If our hearts are ones geared to not looking to the mountains for the goodness of the earth that is provided for us (think of the meltwater), then what do you think we do with Isaiah 55 or John 16?
Seek the Lord while he may be found; call to him while he is near. – Why? Who needs God when I have Amazon Prime, or Hugo’s or McDonald’s? It is a command for us to pray. To seek the Lord. Prayer being an event that happens to us that brings us to our knees, literally and figuratively, before the God who is above and over us. Prayer becoming a form of repentance. Turning us away from ourselves to him.
“For my thoughts are not your thoughts, and your ways are not my ways. For as heaven is higher than earth, so my ways are higher than your ways, and my thoughts than your thoughts.” – Yet, in our prayers we so often ask God to be like us more than for us to be transformed by God. Our worship being more of how well we can dress up God in drag rather than being drawn to the one who feeds me without asking any questions. God’s ways are not my ways, which is good. Knowing that in our prayers we are not asking God to do for us what we can do for us, but to ask him to be who he is and to be the God of the mountains. Of the things that give life to us. To be more than I can be for myself. We are nothing without the Lord.
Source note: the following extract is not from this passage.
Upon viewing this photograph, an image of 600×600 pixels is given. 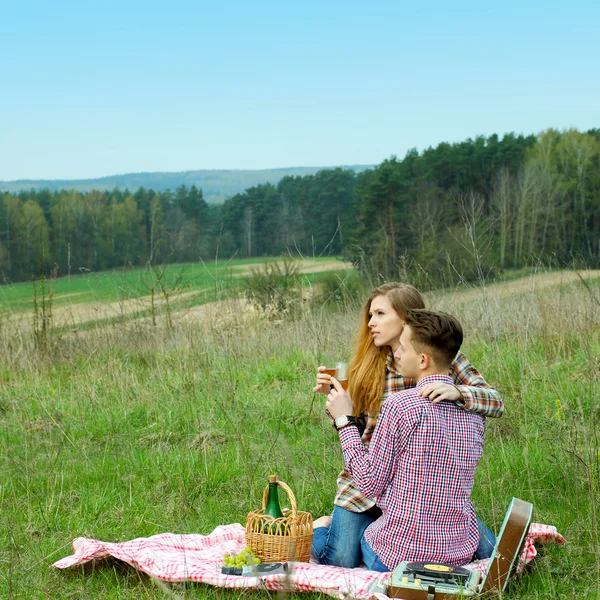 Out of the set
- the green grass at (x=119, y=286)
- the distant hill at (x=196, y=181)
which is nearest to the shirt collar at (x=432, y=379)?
the green grass at (x=119, y=286)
“For just as rain and snow fall from heaven and do not return there without saturating the earth and making it germinate and sprout, and providing seed to sow and food to eat, so my word that comes from my mouth will not return to me empty…” – If our minds are wrapped around the desire for only what I want, how do you think things would go between us and God? What if God has something to tell me that means I must be rebuked, I must lament, I must be called out for my sin, my error, my unbelief? Imagine if we are not opened to the simplest of things like snow in the mountains leading to fish in the ocean, how then will our faith and souls be touched by the Word of God doing the same thing in us? If all of life is attached to commodities we can purchase or sell, the Word will lose its power. God’s Word not being God’s anymore. Not being a Word that works in us to transform us. Losing the Law that crushes us to speak to us of sin, causing repentance, and a Gospel that leads us to faith and life in Jesus. Where if our lives and hearts are ones that do not see our temporal lives as gifts from God, will we dare to try to deny the Lord the work of his Word which he says, “it will accomplish what I please and will prosper in what I send it to do.” In so doing, we are denying God the supremacy of being the One who not only convicts us of our human sinfulness, but then sends us that Word again in the form of forgiveness to forgive that sin outright.
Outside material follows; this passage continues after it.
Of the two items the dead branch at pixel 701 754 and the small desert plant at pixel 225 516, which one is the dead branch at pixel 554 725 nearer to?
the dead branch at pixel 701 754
In our text from John 16, Christ brings us to that place here of trust in prayer. Trust in asking. Trust in begging of God the things God gives. He adds to our asking that it should be done, not in selfishness, but in his name. An asking brought not by our demanding of the vending machine God, but an asking that is in accordance to his will. In accordance to lives transformed by the Spirit that sees in this world nothing but a God who gifts life and breath. Who causes snow in the mountains of Japan so that you might have that tuna sandwich tomorrow. Streams of life flowing through the valleys of the world to showcase to our western enlightened first world lives that we have a good God who gives to us. Who always is giving. That when the gift overshadows our mere human expectations, that is where we can finally see the Lord working. In things more than our minds can handle. Because it is in his name that the goodness of Jesus comes. The Jesus who is the very word God uses to create. Creating the mountains and snow, but also life out of death. Saints out of sinners. The redeemed out of the captive. The good news being tied to the forgiveness of sin and the daily mercies from God’s hands given to you. Thanks be to God. Amen.